(Web page caption snippets)
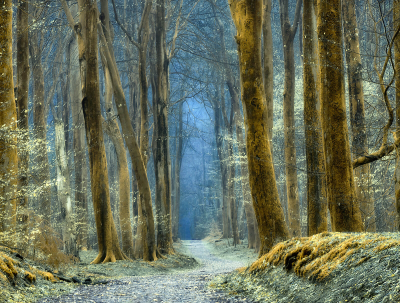 其他.哈苏大师获奖作品集.2016.Lars van de Goor.个人作品集.Like_a_painting的摄影作品-Lars van de Goor_摄影师陈阳 3
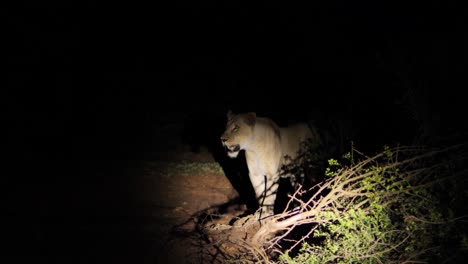 Late-on-dark-night,-female-African-Lion-appears-in-vehicle-spotlight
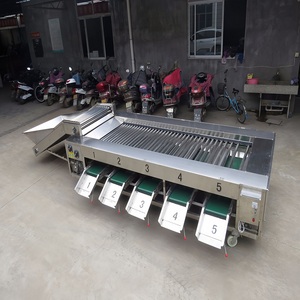 Long Service Life Plum Date Potato Sorter Avocado Grading Machine <strong>Apples</strong> Orange Cherry Olivee Cassava Sorting Grader Conveyor Ma - Product Image 3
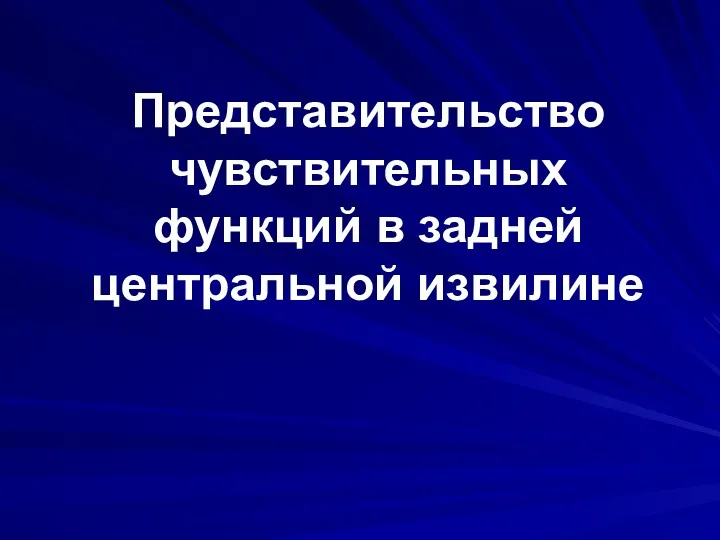 Представительство чувствительных функций в задней центральной извилине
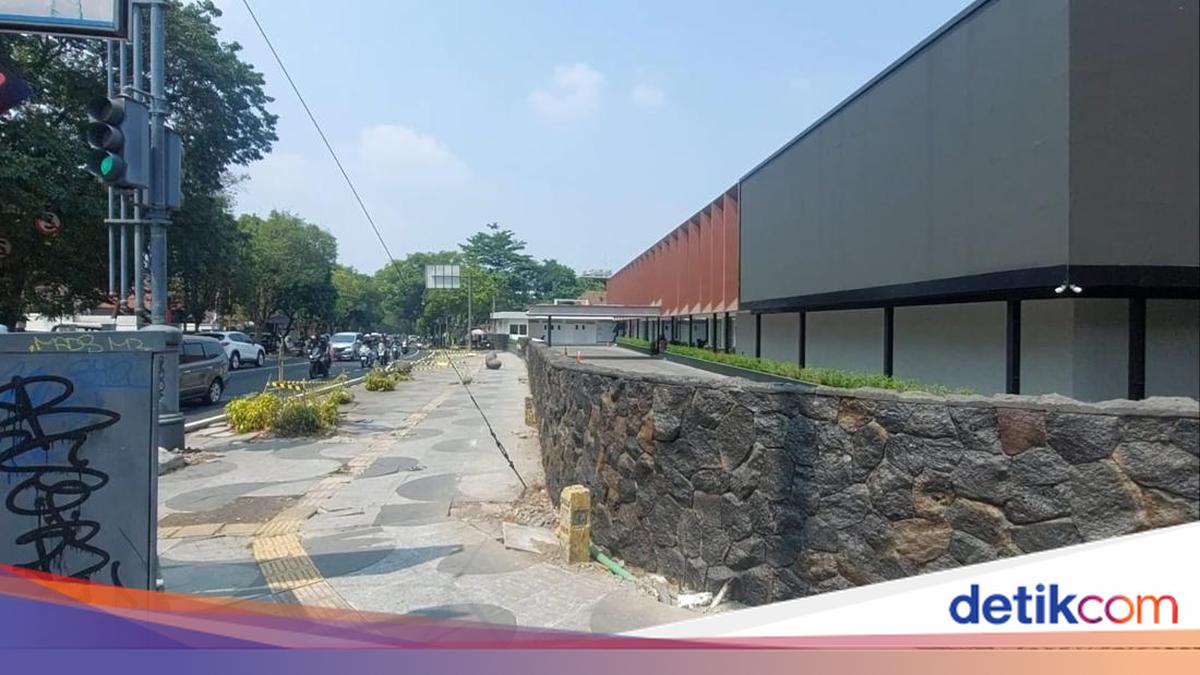 Pengelola Padel Buka Suara soal Penebangan Pohon yang Picu Murka Walkot Farhan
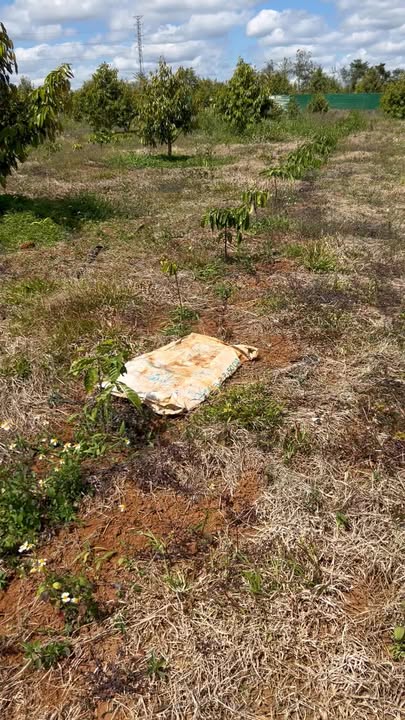 Đất Farm 1ha1 tại Buôn Gier, Krông Năng - Đầu tư sinh lời 5.4 tỷ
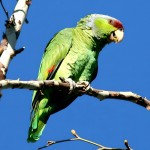 紫帽亚马逊鹦鹉-缩略图-9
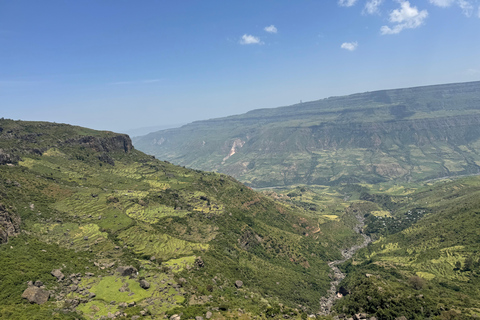 Addis Ababa: City Tour, Debre Libanos & Portuguese Bridge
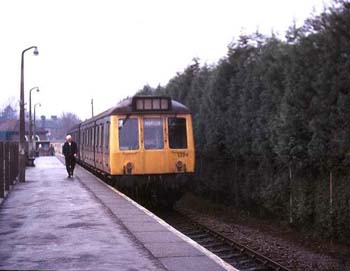 34 The Marlow donkey at Marlow in 1976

● **Your objective**:
Nothing but an exact copy of the data above, minus its pictures, should appear in the response.

● **Exercise solution**:
 其他.哈苏大师获奖作品集.2016.Lars van de Goor.个人作品集.Like_a_painting的摄影作品-Lars van de Goor_摄影师陈阳 3
 Late-on-dark-night,-female-African-Lion-appears-in-vehicle-spotlight
 Long Service Life Plum Date Potato Sorter Avocado Grading Machine <strong>Apples</strong> Orange Cherry Olivee Cassava Sorting Grader Conveyor Ma - Product Image 3
 Представительство чувствительных функций в задней центральной извилине
 Pengelola Padel Buka Suara soal Penebangan Pohon yang Picu Murka Walkot Farhan
 Đất Farm 1ha1 tại Buôn Gier, Krông Năng - Đầu tư sinh lời 5.4 tỷ
 紫帽亚马逊鹦鹉-缩略图-9
 Addis Ababa: City Tour, Debre Libanos & Portuguese Bridge
 34 The Marlow donkey at Marlow in 1976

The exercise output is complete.